So lehrt er der Gemeinde in Rom auch eine Prädestination (Kapitel 9; "Gott
erwählt und verstockt, wen er will"), was wiederum nichts mit Jesus zu tun
hat. Und auch, was er in einem Brief an die Gemeinde in Korinth schreibt,
stammt nicht von Jesus: "Der natürliche Mensch vernimmt nichts vom Geist
Gottes" (2, 14), so Paulus, es müsse "geistlich beurteilt
werden". Damit spricht er wohl dem unverbildeten und teilweise kindlichen
Verstand der einfachen "natürlichen" Menschen die Möglichkeit der
Gotteserkenntnis z. B. in der Natur ab und er spricht diese Erkenntnis
stattdessen dem "geistlichen" Menschen zu. Später erklärt die Kirche,
aufbauend auf Paulus, dass man durch sie, die Kirche, den Geist Gottes
empfangen könne, und ihre Amtsträger lässt sie "Geistliche" nennen.

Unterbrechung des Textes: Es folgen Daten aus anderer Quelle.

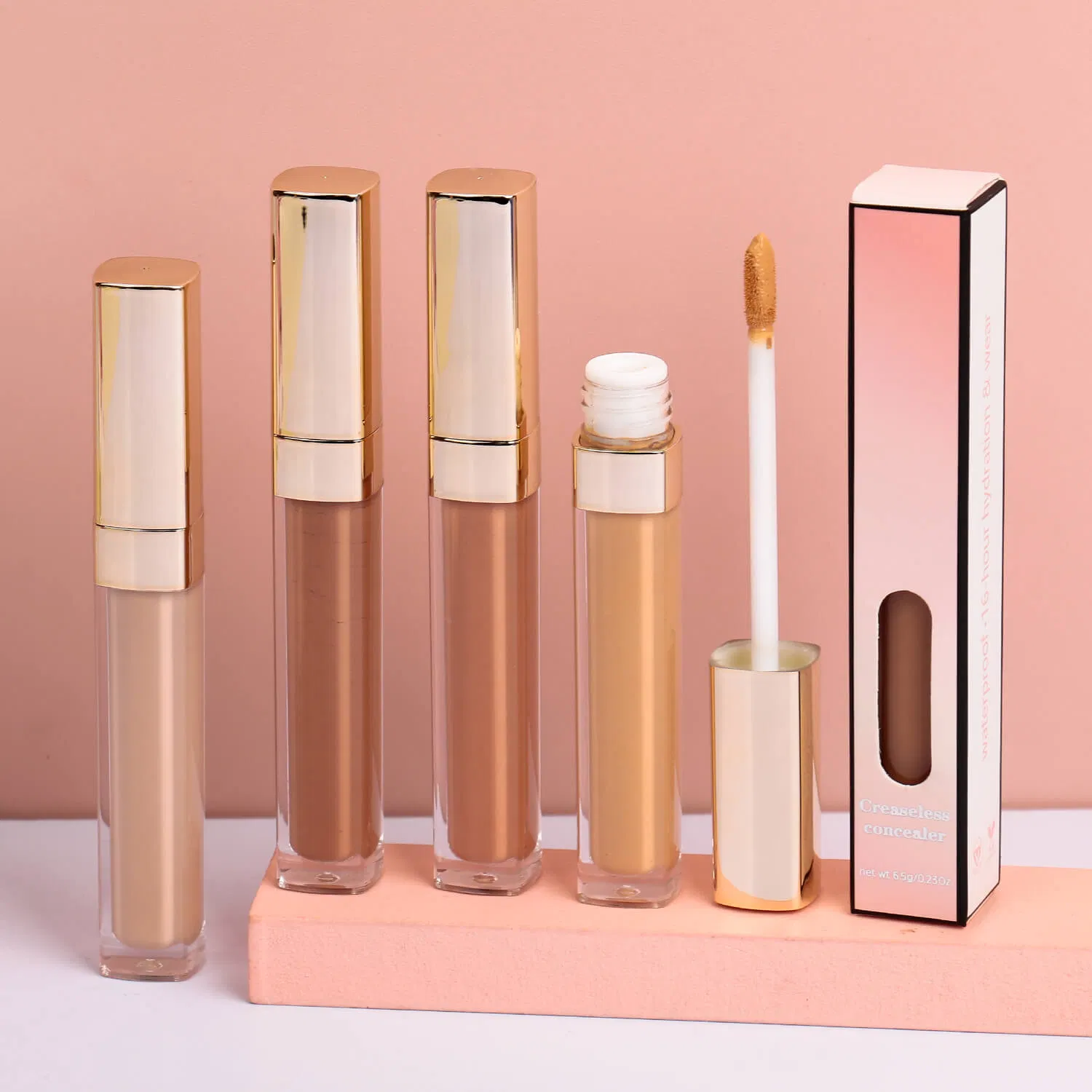 Custom Logo Liquid Concealer Makeup High Coverage Concealer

Jesus lehrte anders. Z.B.: "Wenn ihr nicht umkehrt und werdet wie die
Kinder, so werdet ihr nichts ins Himmelreich kommen." (Matthäus 18, 3)
Der Rom-"Virus"
Robert
Kehl schreibt in seinem Büchlein "Jesus, der größte Betrogene aller
Zeiten": "Etwas Schlimmeres konnte Jesus wohl nicht widerfahren, als
dass ein vollblütiger Pharisäer seine Sache in die Hand nehmen würde, auch wenn
er es gutgläubig tat" (S. 11). Paulus handelte also wohl in bester
Absicht, doch seine Aufgabe wäre es gewesen, sein Denken und Empfinden zuerst
von den kultischen, intellektuellen und pharisäischen Denkmustern und von den
herrschsüchtigen Traditionen der Römer zu befreien, bevor er als Lehrer durchs
Land zieht. Paulus tut es nicht.
Wie
in seiner römischen Umwelt üblich, wertet Paulus folglich auch die Frau ab,
obwohl sie bei Jesus als gleichwertig geachtet war. Sie soll in den
Versammlungen schweigen und zu Hause den Mann fragen (1. Korintherbrief 14,
33-35). Christus ist bei Paulus das Haupt nur des Mannes, "der Mann aber
ist das Haupt der Frau" (1. Korintherbrief 11, 3). Und: "Der Mann ...
ist Gottes Bild und Abglanz; die Frau aber ist das Mannes Abglanz" (V. 7).
Und weiter: "Der Mann ist nicht geschaffen um der Frau willen, sondern die
Frau um des Mannes willen" (V. 9).
Und
in seiner Staatslehre passt Paulus das Christentum vollends dem Imperium
Romanum an, indem er erklärt, dass der Christ der Obrigkeit dieser Welt gehorchen
müsse, da diese von Gott eingesetzt, angeordnet und "Gottes Dienerin"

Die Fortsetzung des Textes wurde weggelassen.